The first condition of Sch 5AA is satisfied as another company has issued ordinary shares to the person holding the class of ‘ordinary share’ (the B units) in the original ‘company’ (the unit trust) involved in the scheme of reconstruction. As indicated at CG 52720 you can assume that the second condition of Sch 5AA is met. The third condition of Sch 5AA is also met, as the class of “ordinary shares” that is involved in the scheme of reconstruction is the B units and, under paragraph 4(4) of Schedule 5AA, the holding and management of assets relating to the A units is disregarded.
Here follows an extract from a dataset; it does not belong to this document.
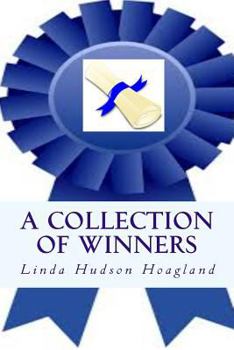 Paperback A Collection of Winners Book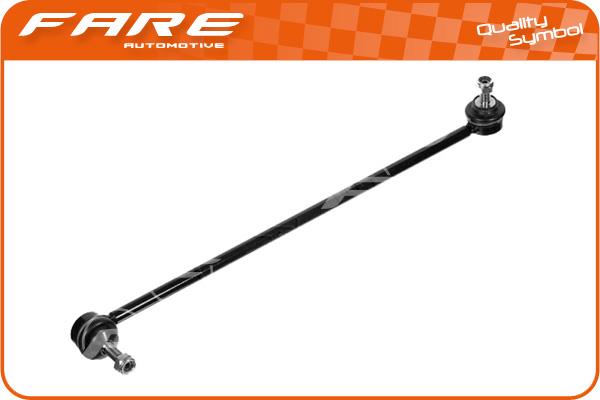 Fare F0660B Rod/Strut, stabiliser F0660B: Buy near me in Poland at 2407.PL - Good price!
We can also disregard any funds that are retained to meet liabilities and liquidation costs. Therefore the successor company can be treated as carrying on substantially the whole of the business of the original company and the 3rd condition of Sch 5AA is met.

TCGA92/S136 will apply to the persons holding the B units. TCGA92/S139 does not apply to the transfer of Slogro Fund’s business to the investment trust company. Section 139(4) specifically excludes that Section from applying to such cases as Slogro Fund is an authorised unit trust. (Authorised unit trusts are not liable to corporation tax on chargeable gains - TCGA92/S100(1)).